[[ Supplied data, beginning ]]

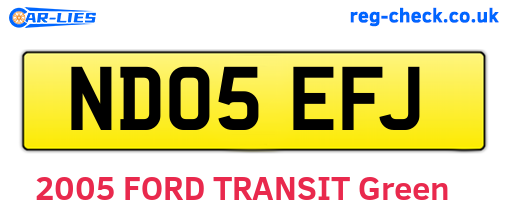 ND05EFJ are the vehicle registration plates.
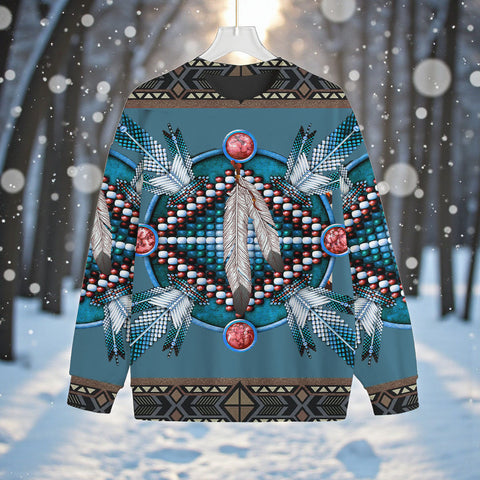 GB-NAT00640-02 Native American Unisex Drop-shoulder Knitted Fleece Sweater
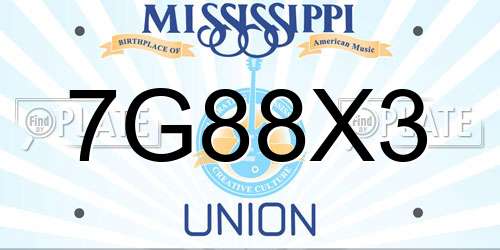 7G88X3 Mississippi License Plate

[[ Supplied data, end ]]

Exercise description: Leave out the images and copy all remaining data word for word.

Answer box:
 ND05EFJ are the vehicle registration plates.
 GB-NAT00640-02 Native American Unisex Drop-shoulder Knitted Fleece Sweater
 7G88X3 Mississippi License Plate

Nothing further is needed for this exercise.